The encyclical’s general reception by Catholic academics, in particular
theologians, was most bitter. Many simply disregarded it as a papal
power-play meant to enforce conformity to papal teaching on sex. And
unfortunately it was received passively by much of the hierarchy in
Western Europe and the US where proportionalism was most widely
adopted.
It was published nine years before the priest scandal broke in the
winter of 2002. I expect the pope was not surprised by the appalling
revelations. In the 1993 encyclical he expressed alarm at the
disharmony that existed at the time between the morality being held and
taught “even in Seminaries” and faithful Catholic teaching. The
problems, he said, were “of the greatest importance for the Church”.

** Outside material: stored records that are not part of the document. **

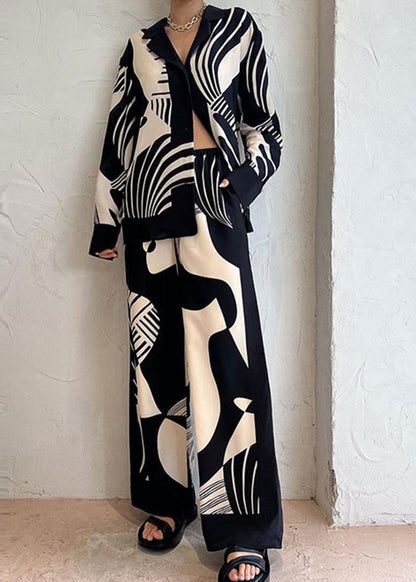French Black Print Tops and Pants Two Pieces Summer
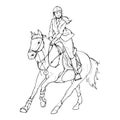 Female rider - jumping horse outline black and white Royalty Free Stock Photo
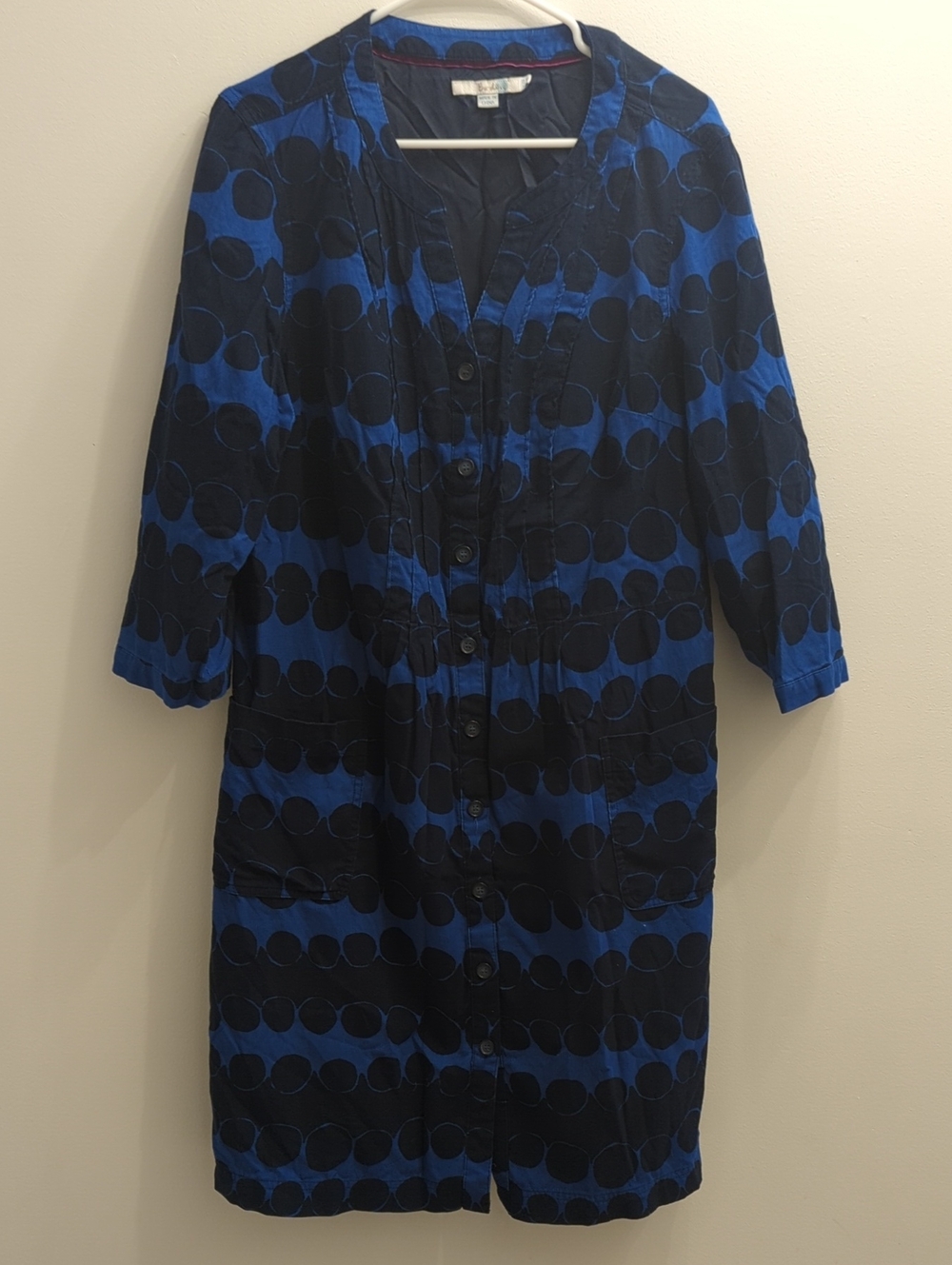 Boden Women's Blue Corduroy Shirtdress with Black Circle Print, US 16L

Indeed they were, and are.
Some predicted that the encyclical’s influence would go the way of all
flesh, fade and be forgotten. The editor of the London Tablet, John
Wilkins, asked at the time: “will Veritatis Splendor be seen merely as
another plank in a policy of restoration that was doomed to fail?” And
the late Richard McCormick prophesied: “It will, I predict, eventually
enjoy an historical status similar to Humani Generis” (not a flattering
thing in McCormick’s mind).
Fifteen years is not quite history. But looking at VS’s influence over
the last decade and a half can give us an initial reading on history’s
judgment. There are far fewer dissenting moral theologians teaching at
Catholic seminaries, at least in the US, and the generation of newly
ordained priests are generally in better shape psychologically,
spiritually and morally than those ordained in the 1960s through the
early 1990s. It’s true that many (though not all) secularized Catholic
universities continue to mirror their non-Catholic counterparts in
faculty composition, university policy and liberal ideology. But the
pretense of Catholicity of such schools has been increasingly exposed
in part due to the clear lines that VS drew between faithful and
unfaithful Catholic teaching. New Catholic universities committed to
the magisterium and resolute in teaching the best of the theological
tradition are springing up around the country, and older ones are
growing in prestige. A new generation of Catholic theologians not
bitten by the resentments of their supervisors and eager to explore the
richness of the Catholic tradition have entered the academy (although
in some cases their promise for promotion is tenuous). I would not
call it a “new springtime” in Catholic higher education as some have
proposed. But with confidence I can say that the winter chill is
thawing.
Veritatis Splendor is far more than a critique of flawed moral
methodologies. It is, as its name suggests, an exposition and defense
of the splendor of moral truth. It is a rejection of that legalistic
minimalism that conceives moral norms merely as positive laws handed
down by uninterested legislators, be they bishops, popes or the gods
themselves. It reminds us that the natural moral law is God’s recipe
for human wellbeing, that human freedom is only truly free when
directed towards the good, and that moral goodness and human
flourishing are correlative.
Do yourself a favor. If you haven’t read Veritatis Splendor (or even
if you have!), go to www.vatican.va to the papal archive and download
it. Then get a gin and tonic and a dictionary, go to a quiet part of
the house, lock the door and dig in. You won’t be disappointed.